- Cottonwood Location within Arizona
- Coordinates: 36°43′38″N 112°01′30″W﻿ / ﻿36.72722°N 112.02500°W
- Country: United States
- State: Arizona
- County: Apache

Area
- • Total: 0.16 sq mi (0.41 km^{2})
- • Land: 0.16 sq mi (0.41 km^{2})
- • Water: 0 sq mi (0.00 km^{2})
- Elevation: 3,461 ft (1,055 m)

Population (2020)
- • Total: 167
- • Density: 1,065.4/sq mi (411.34/km^{2})
- Time zone: UTC-7 (MST)
- • Summer (DST): UTC-6 (MDT)
- FIPS code: 04-16360
- GNIS feature ID: 2410242

= Cottonwood, Apache County, Arizona =

CDP in Apache County, Arizona

Cottonwood is a census-designated place (CDP) in Apache County, Arizona, United States.
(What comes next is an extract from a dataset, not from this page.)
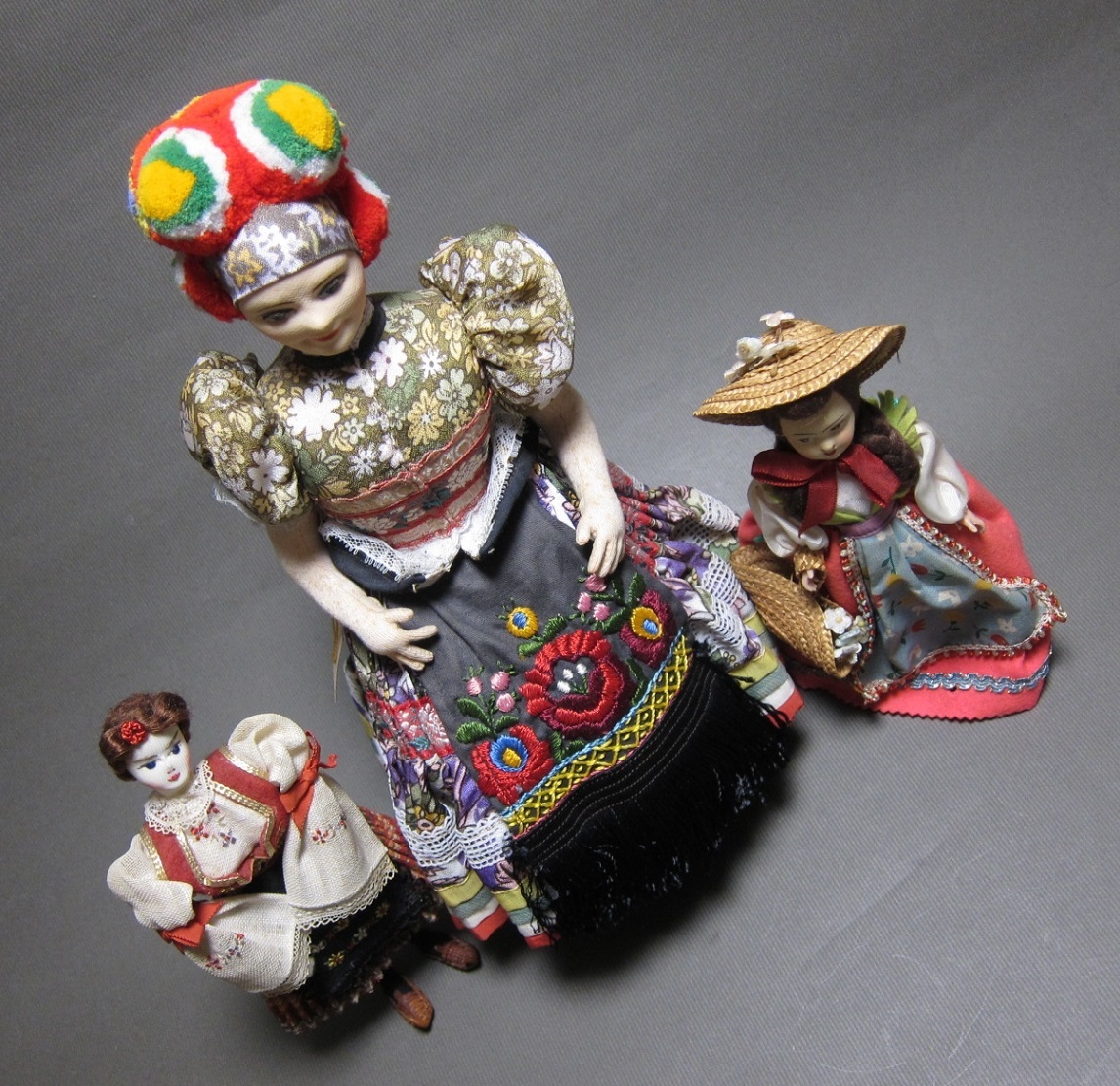 メキシコ製 ビンテージ ドール 34ｃｍ Matyohaz Mezokovesd 民族衣装 女性 女の子 人形 21ｃｍ ３点 の落札情報詳細 ヤフオク落札価格情報 オークフリー スマートフォン版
The population was 226 at the 2010 census.

==Geography==
Cottonwood is located about 21 mi west of Chinle and 22 mi east of Pinon.

According to the United States Census Bureau, the CDP has a total area of 0.37 km2, all land.

==Demographics==

Historical population
| Census | Pop. | Note | %± |
| 2020 | 167 |  | — |
U.S. Decennial Census

==Education==
The Bureau of Indian Education (BIE) operates the Cottonwood Day School in Cottonwood.

Cottonwood is in the Chinle Unified School District, which operates Chinle High School.